Lenoir-Rhyne’s Visiting Writers Series continues with Min Jin Lee
Published 12:00 am Thursday, February 27, 2020
HICKORY – Lenoir-Rhyne University’s Visiting Writers Series continues with Min Jin Lee on March 5, 2020 at 7 p.m. in Belk Centrum. Min Jin Lee is a recipient of several top 10 awards from reviewers such as the New York Times Book Review and The Times of London.
Min Jin Lee was born in Seoul, South Korea, and immigrated to Queens, New York, with her family in 1976 when she was seven years old. Lee is a graduate of the Bronx High School of Science and was inducted into the Bronx Science Hall of Fame. At Yale College, she majored in history and was awarded the Henry Wright Prize for Nonfiction and the James Ashmun Veech Prize for Fiction. She attended law school at Georgetown University and worked as a lawyer for several years in New York before writing full time. From 2007 to 2011, Lee lived in Tokyo where she researched and wrote Pachinko. As of the fall of 2018, Lee was based in Boston, where she worked on American Hagwon, the third diaspora novel of “The Koreans” trilogy.

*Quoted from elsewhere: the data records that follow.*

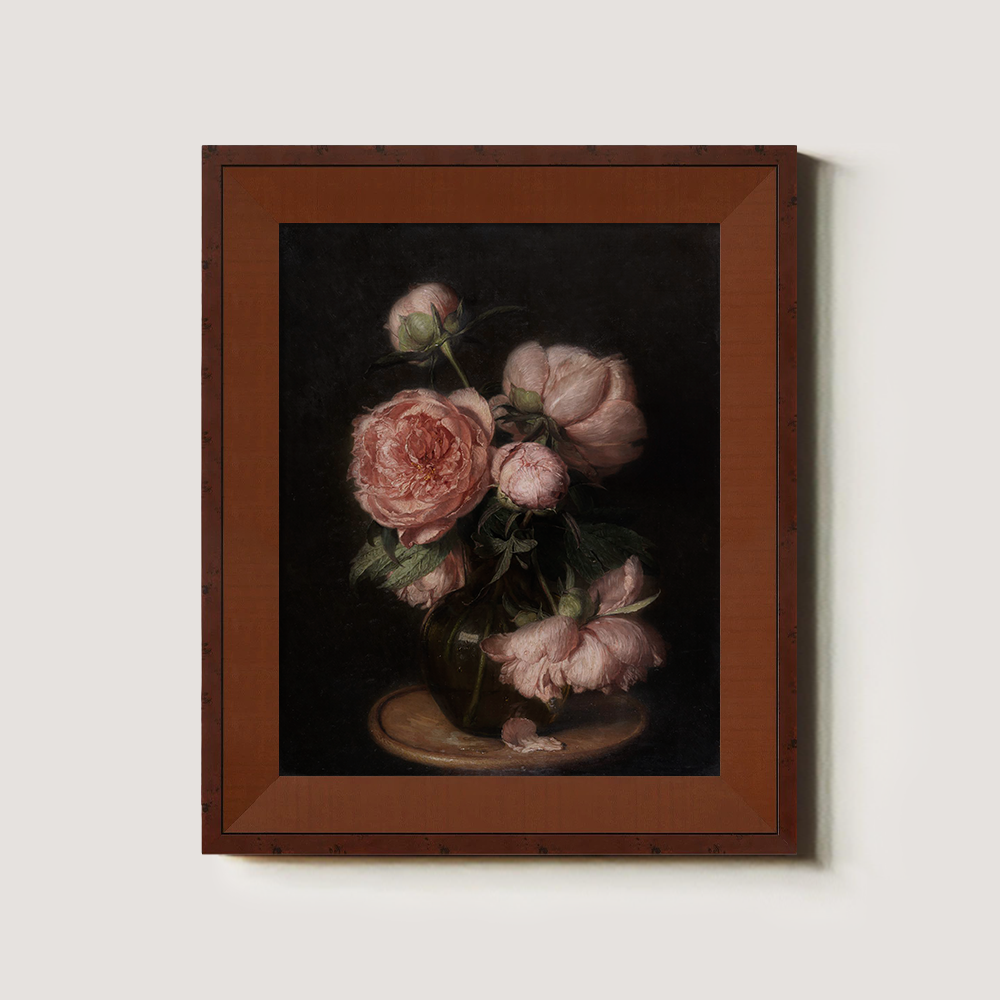 Lush Pink Peony Arrangement in Emerald Vase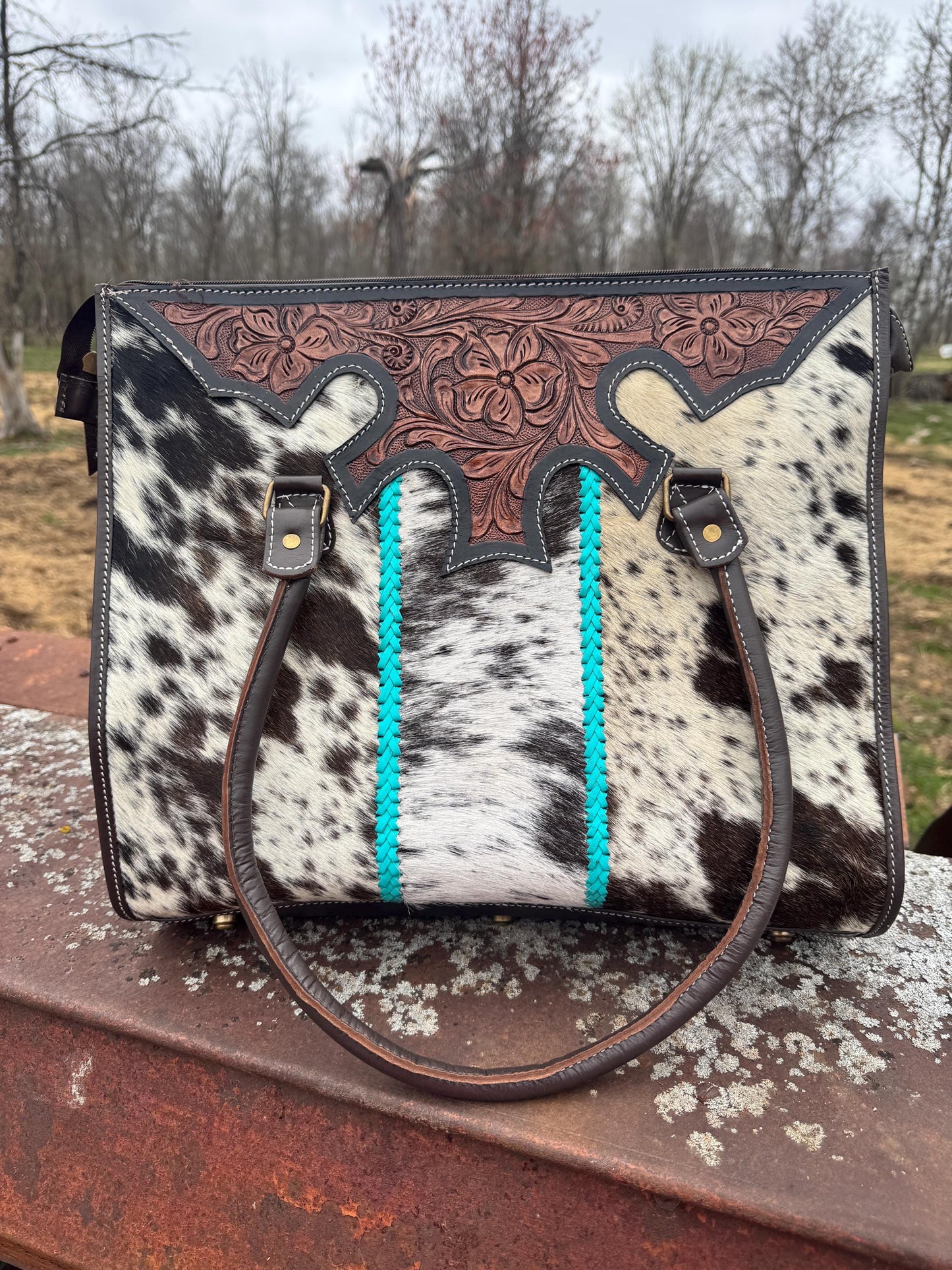 Turquoise Trail Western Leather Tote bag by Double B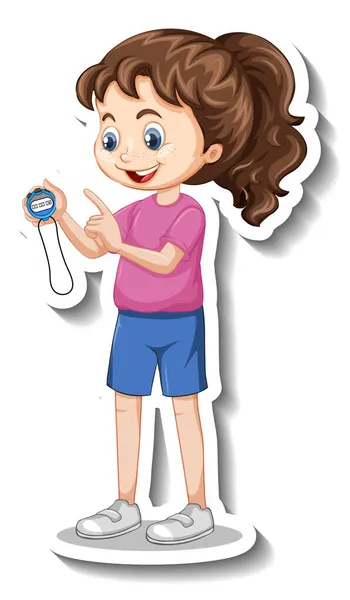 Cartoon Character Sticker Sport Coach Girl Holding Timer Illustration — Stock Photo, Image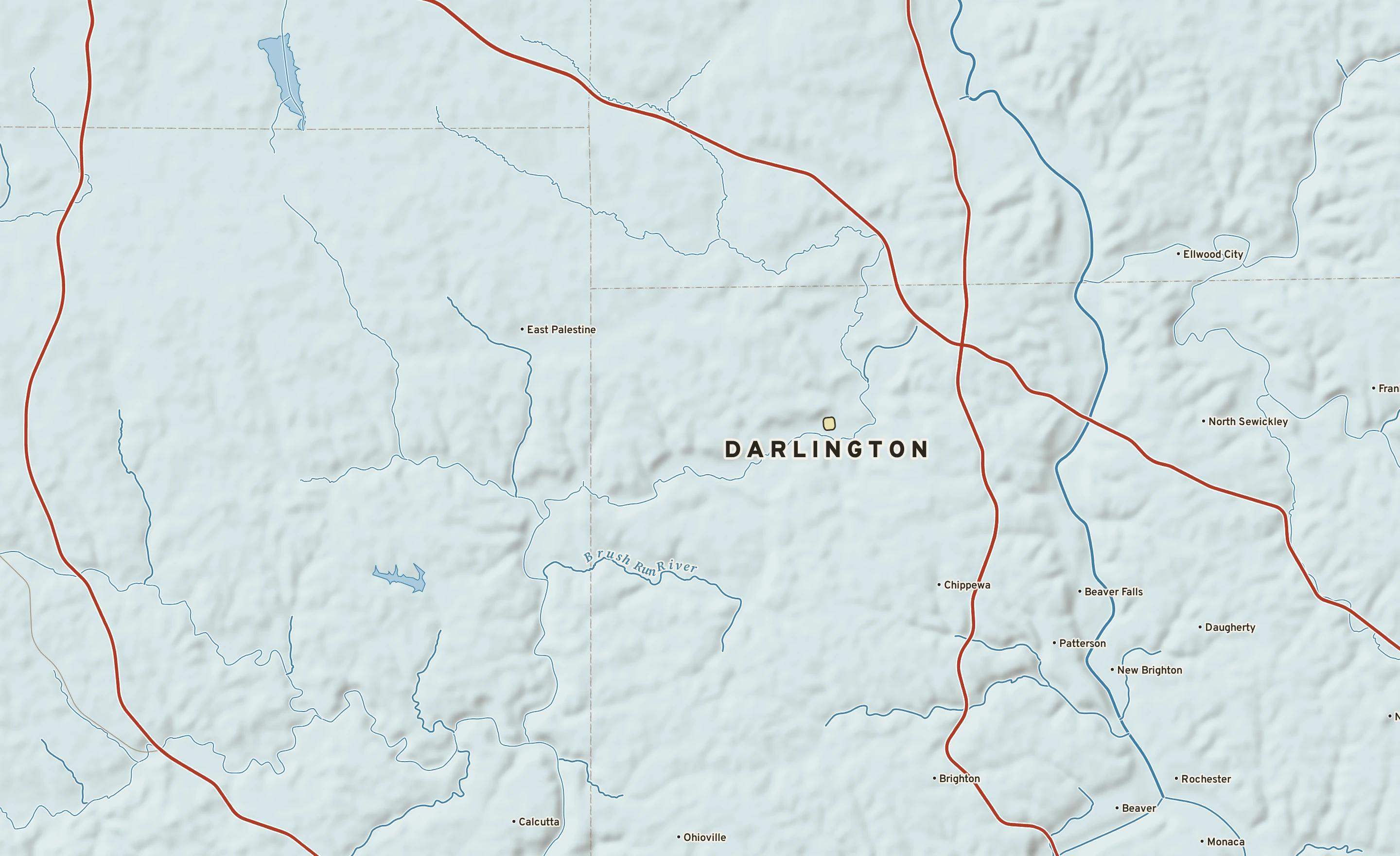 Shaded-relief atlas plate of Darlington, Pennsylvania: rivers, roads, the city limits and where the water drains.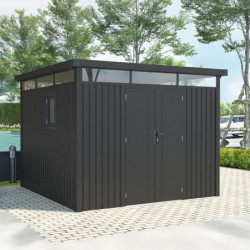 Abri 8,64m² en acier gris foncé 0,4mm Kosto fixations dalle - X-Métal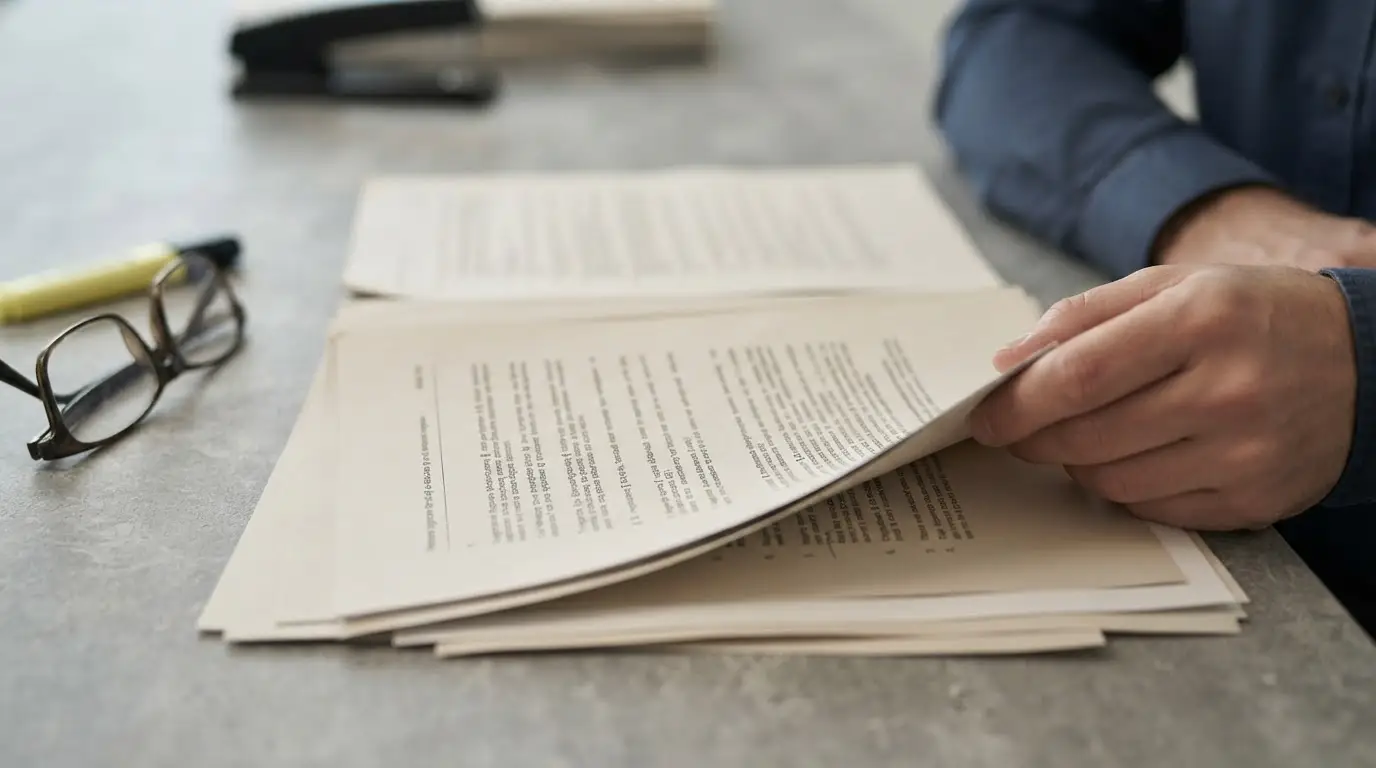 Gesetzestexte und Dokumente mit Paragraphen auf Schreibtisch symbolisieren rechtlichen Rahmen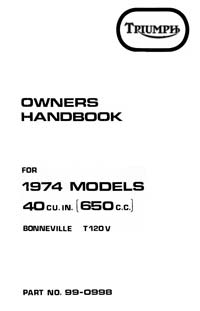 1974 Triumph unit 650cc T120V Handbook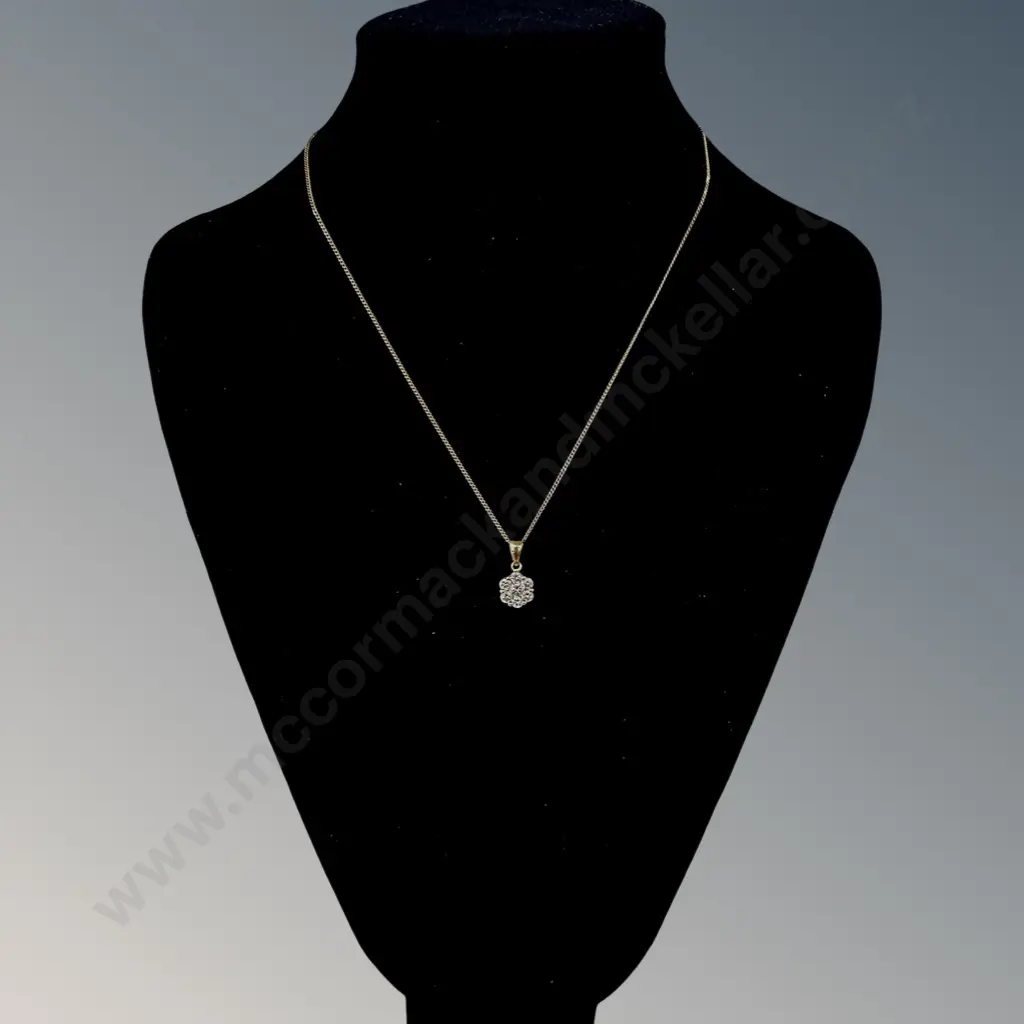 18ct Gold Diamond Cluster Pendant, Colour F-G, TDW 1.0ct, TW4.245gms, L44cm, Valuation $7,700 Image 1++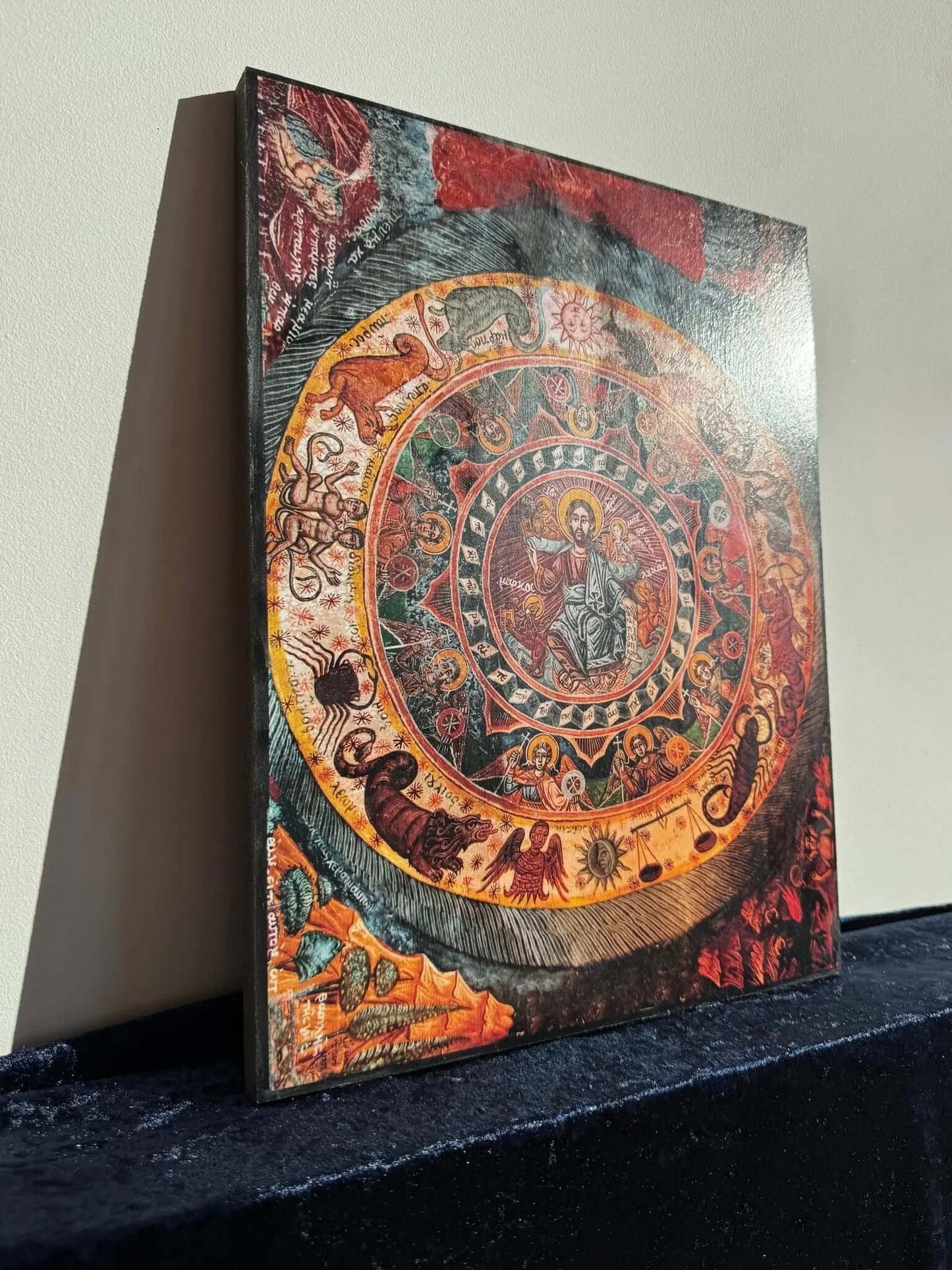 Christ Pantocrator Icon – Surrounded by Zodiac, Angels, and Evangelists 19th Century Orthodox Fresco - iconsofsaints.com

From 2019 to 2022, she will be a Writer-in-Residence at Amherst College. Lee received fiction fellowships from the Guggenheim Foundation and the Radcliffe Institute of Advanced Study at Harvard. Her second novel Pachinko was a finalist for the National Book Award for Fiction, runner-up for the Dayton Literary Peace Prize, winner of the Medici Book Club Prize and The New York Times Book Review’s 10 Best Books of 2017, and is an exceptional debut novel that grapples with problems common to transplanted people. Lee’s debut novel Free Food for Millionaires was a Top 10 Book of the Year for The Times of London, NPR’s Fresh Air, USA Today. Min Jin Lee received fellowships in Fiction from the Guggenheim Foundation (2018), the Radcliffe Institute of Advanced Study at Harvard (2018-2019), and the New York Foundation for the Arts (2000).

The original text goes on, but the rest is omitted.